They said they suspected that Canadian experience requirements were “a coded way for employers to favour the Canadian-born,” the report said.


The participants also pointed to a lack of Canadian connections or networks and “difficulty in general social interactions due to language and cultural differences.”

The participants didn’t feel the issue of formal recognition of credentials was a major barrier to employment.

There were also differences of opinion on the value of foreign credentials, depending on the participants’ country of origin.

“Many Chinese participants believe their training and work experience from China are of limited use in Canada because they feel that everything in China is so radically different from Canada that there is no way it could be applicable,” the report read.

“It was noted that a law degree from China in no way prepares anyone to practise law in Canada.”

A spokesperson for Employment Minister Jason Kenney said the government commissioned the study in order to determine why skilled immigrants have trouble finding work.

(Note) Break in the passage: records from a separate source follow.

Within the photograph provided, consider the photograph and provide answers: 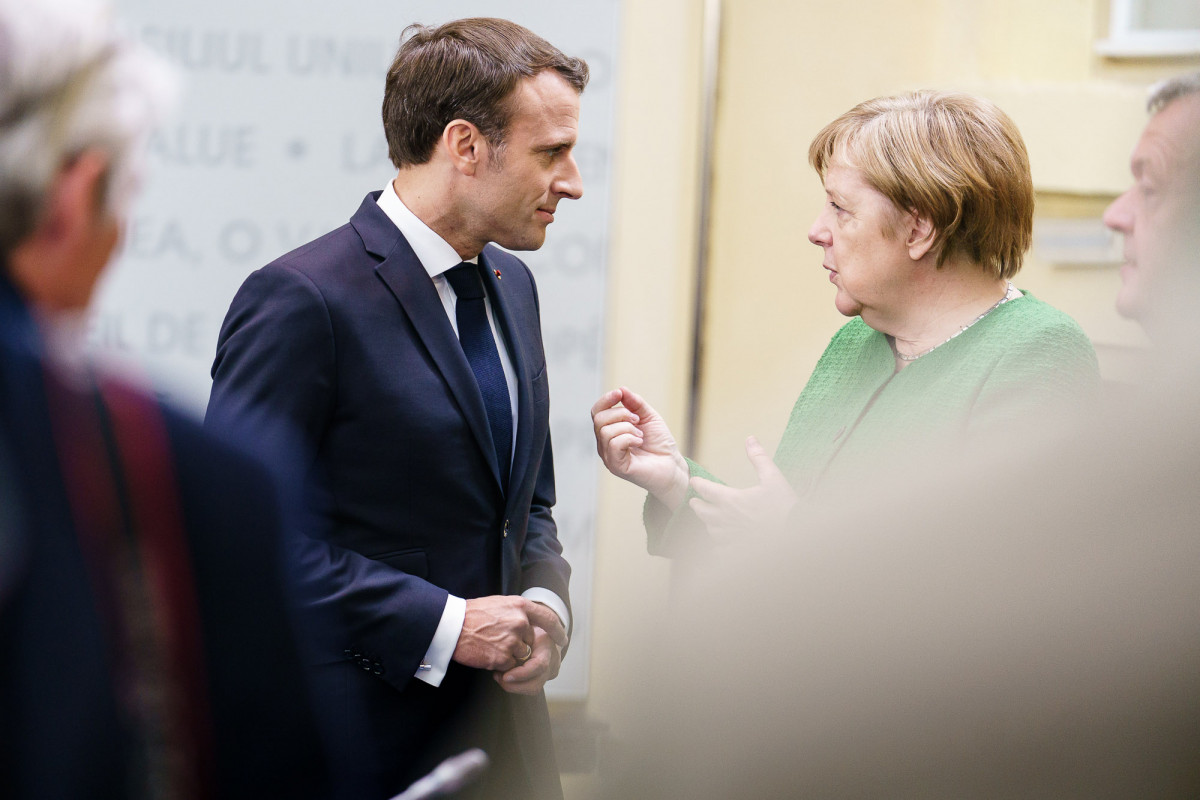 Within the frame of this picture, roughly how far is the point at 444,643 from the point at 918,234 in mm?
1098

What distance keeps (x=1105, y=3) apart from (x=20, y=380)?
3.45 meters

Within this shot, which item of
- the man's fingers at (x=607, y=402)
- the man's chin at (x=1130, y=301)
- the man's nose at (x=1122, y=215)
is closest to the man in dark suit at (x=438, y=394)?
the man's fingers at (x=607, y=402)

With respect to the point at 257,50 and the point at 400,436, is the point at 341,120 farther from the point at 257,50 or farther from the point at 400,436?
the point at 400,436

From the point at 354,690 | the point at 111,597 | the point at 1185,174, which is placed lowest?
the point at 354,690

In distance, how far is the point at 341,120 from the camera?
3.55m

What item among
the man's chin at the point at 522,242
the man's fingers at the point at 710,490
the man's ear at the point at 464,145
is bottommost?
the man's fingers at the point at 710,490

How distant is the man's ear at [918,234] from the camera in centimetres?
190

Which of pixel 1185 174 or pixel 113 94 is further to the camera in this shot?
pixel 113 94

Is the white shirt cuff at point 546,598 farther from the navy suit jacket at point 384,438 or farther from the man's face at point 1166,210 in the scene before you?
the man's face at point 1166,210

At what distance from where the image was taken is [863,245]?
198 centimetres

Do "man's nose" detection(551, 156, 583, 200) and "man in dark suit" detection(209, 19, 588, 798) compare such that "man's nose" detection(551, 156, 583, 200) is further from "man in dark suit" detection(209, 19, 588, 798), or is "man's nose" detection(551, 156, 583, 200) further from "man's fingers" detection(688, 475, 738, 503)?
"man's fingers" detection(688, 475, 738, 503)

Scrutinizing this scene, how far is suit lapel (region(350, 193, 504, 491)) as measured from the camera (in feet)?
6.48

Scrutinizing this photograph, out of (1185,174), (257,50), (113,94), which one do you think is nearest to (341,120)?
(257,50)

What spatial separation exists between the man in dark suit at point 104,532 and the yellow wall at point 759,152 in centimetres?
257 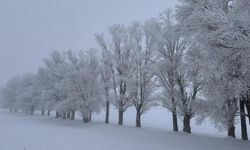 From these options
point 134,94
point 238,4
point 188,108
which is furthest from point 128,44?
point 238,4

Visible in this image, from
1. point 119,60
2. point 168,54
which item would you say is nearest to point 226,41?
point 168,54

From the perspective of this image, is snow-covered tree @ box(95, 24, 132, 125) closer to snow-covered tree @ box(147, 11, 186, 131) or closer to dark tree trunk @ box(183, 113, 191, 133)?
snow-covered tree @ box(147, 11, 186, 131)

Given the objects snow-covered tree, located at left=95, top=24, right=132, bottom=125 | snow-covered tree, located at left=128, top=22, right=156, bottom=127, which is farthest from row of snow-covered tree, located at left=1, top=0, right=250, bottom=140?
snow-covered tree, located at left=128, top=22, right=156, bottom=127

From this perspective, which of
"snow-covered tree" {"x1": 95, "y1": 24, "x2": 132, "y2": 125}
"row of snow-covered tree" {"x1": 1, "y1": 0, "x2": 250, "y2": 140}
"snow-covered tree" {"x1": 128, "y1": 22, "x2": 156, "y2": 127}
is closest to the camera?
"row of snow-covered tree" {"x1": 1, "y1": 0, "x2": 250, "y2": 140}

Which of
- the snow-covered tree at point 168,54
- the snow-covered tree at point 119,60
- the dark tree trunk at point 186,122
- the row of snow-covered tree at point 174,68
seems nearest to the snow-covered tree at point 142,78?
the row of snow-covered tree at point 174,68

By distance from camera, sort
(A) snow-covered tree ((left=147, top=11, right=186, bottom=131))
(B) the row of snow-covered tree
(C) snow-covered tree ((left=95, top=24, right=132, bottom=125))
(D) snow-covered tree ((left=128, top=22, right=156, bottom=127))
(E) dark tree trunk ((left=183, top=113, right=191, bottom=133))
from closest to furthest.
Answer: (B) the row of snow-covered tree
(E) dark tree trunk ((left=183, top=113, right=191, bottom=133))
(A) snow-covered tree ((left=147, top=11, right=186, bottom=131))
(D) snow-covered tree ((left=128, top=22, right=156, bottom=127))
(C) snow-covered tree ((left=95, top=24, right=132, bottom=125))

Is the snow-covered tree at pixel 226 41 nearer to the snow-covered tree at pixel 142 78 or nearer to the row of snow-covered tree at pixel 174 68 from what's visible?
the row of snow-covered tree at pixel 174 68

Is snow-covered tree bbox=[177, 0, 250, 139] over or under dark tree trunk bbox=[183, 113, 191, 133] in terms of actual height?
over

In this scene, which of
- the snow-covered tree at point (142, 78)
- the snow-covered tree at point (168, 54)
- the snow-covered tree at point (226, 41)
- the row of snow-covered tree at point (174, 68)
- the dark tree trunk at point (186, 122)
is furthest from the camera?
the snow-covered tree at point (142, 78)

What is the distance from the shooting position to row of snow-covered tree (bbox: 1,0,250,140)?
1132 centimetres

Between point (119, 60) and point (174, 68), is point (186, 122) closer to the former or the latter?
point (174, 68)

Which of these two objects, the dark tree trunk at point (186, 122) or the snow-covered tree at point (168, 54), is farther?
the snow-covered tree at point (168, 54)

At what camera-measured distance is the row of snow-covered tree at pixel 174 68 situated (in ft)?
37.1

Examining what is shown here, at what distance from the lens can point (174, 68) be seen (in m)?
23.0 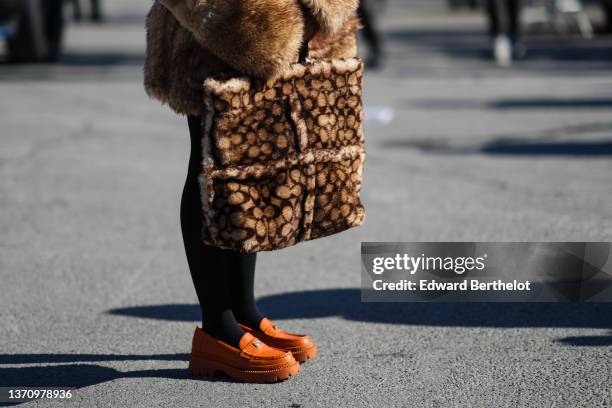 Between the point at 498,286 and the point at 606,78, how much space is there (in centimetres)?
776

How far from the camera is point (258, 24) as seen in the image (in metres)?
2.99

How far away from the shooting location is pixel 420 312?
13.5ft

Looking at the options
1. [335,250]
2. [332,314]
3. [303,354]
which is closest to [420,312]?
[332,314]

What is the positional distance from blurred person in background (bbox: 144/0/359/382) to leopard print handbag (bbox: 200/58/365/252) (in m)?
0.08

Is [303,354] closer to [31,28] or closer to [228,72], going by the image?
[228,72]

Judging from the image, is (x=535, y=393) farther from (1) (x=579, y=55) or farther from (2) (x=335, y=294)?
(1) (x=579, y=55)

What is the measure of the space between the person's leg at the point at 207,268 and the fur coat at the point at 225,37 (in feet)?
0.48

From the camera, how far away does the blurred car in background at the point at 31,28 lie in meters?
12.9

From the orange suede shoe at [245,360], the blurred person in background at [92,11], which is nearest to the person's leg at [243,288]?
the orange suede shoe at [245,360]

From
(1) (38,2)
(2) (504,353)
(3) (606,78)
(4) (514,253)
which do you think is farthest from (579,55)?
(2) (504,353)

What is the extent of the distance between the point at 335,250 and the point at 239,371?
1.87 meters

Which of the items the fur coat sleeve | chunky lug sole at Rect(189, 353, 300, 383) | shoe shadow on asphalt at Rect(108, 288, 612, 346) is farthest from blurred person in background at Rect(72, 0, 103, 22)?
the fur coat sleeve

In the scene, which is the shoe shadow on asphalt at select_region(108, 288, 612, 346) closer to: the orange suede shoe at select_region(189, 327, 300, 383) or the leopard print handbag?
the orange suede shoe at select_region(189, 327, 300, 383)

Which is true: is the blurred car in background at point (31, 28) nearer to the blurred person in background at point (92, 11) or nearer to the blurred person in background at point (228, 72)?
the blurred person in background at point (92, 11)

He added that the Tories plan to unveil initiatives soon aimed at tackling the problems.

“It’s a big priority for the fall,” said Nick Koolsbergen.

Earlier this summer, Kenney announced an agreement with the provinces to recognize 10 new occupations, including welders, carpenters and electricians, to improve foreign credential recognition.

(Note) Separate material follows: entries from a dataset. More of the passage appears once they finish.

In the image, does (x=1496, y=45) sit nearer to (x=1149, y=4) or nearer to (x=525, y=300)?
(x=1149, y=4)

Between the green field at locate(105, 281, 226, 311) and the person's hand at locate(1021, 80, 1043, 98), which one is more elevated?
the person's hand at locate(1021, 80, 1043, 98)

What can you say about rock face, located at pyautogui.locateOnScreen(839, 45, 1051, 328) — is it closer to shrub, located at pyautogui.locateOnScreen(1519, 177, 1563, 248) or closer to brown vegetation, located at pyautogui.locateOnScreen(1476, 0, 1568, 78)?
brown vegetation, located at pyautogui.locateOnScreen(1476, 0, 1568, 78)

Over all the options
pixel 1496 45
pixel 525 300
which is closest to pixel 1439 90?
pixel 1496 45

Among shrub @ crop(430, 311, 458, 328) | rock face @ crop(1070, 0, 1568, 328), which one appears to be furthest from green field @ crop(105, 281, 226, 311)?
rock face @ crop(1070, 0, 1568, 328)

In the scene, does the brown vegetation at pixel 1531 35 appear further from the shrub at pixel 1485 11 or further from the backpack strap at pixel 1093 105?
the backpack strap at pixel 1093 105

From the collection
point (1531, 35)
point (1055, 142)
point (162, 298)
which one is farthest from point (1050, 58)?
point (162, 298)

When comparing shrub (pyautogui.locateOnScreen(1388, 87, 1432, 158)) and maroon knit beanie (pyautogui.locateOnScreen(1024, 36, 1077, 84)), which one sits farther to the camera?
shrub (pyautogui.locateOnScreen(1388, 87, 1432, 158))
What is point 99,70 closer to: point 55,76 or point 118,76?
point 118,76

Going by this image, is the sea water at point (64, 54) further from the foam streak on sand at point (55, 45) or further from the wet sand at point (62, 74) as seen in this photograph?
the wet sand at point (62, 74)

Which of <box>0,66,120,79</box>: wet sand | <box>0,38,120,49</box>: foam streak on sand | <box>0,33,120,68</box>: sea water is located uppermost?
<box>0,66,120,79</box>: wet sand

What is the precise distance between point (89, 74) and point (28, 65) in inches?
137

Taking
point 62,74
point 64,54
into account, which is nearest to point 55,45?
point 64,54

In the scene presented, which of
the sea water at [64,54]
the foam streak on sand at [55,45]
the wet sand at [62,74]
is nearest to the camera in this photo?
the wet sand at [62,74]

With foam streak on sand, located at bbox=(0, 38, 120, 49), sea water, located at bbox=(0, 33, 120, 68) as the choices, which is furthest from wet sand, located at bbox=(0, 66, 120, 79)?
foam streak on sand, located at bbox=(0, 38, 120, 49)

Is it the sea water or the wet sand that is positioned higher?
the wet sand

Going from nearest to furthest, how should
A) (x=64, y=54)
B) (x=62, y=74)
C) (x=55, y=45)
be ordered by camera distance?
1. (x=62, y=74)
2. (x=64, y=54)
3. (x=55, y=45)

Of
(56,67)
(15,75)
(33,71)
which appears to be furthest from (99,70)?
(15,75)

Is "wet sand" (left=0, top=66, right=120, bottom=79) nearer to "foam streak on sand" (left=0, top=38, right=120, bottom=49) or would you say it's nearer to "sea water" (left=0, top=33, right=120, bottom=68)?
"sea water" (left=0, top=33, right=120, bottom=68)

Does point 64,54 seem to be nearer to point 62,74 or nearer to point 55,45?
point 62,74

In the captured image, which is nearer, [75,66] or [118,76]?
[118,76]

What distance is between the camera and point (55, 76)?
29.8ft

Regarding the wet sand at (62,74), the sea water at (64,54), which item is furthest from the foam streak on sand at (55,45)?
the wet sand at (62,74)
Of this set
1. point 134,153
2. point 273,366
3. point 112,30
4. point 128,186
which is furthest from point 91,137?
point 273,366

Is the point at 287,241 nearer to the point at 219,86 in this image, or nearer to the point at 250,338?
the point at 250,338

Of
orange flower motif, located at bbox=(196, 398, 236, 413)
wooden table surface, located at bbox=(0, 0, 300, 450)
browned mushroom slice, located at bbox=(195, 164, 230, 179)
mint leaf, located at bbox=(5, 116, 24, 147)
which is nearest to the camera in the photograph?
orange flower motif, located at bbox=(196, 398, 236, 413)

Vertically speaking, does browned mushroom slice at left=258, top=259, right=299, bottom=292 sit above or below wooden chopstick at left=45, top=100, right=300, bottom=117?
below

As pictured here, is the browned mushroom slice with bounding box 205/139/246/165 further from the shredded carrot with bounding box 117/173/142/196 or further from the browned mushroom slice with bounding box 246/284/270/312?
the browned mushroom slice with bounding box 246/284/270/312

The government said one of the goals was to help lessen the need for temporary foreign workers by making better use of talent that’s already in Canada.

Two years ago, the Conservatives also introduced foreign credential recognition loans.

They’ve issued more than a 1,000 of them to foreign-trained professionals to help them pay to have their credentials recognized in Canada through further training and instruction.

But the participants in the Environics report also urged the government to do more about raising awareness on credential issues.

They recommended adding an education component to the immigration application process specifically focused on qualifications and working in Canada.

“From the participants’ perspective, the more details the better and the sooner they can find out about these details in their immigration process, the better,” the report said.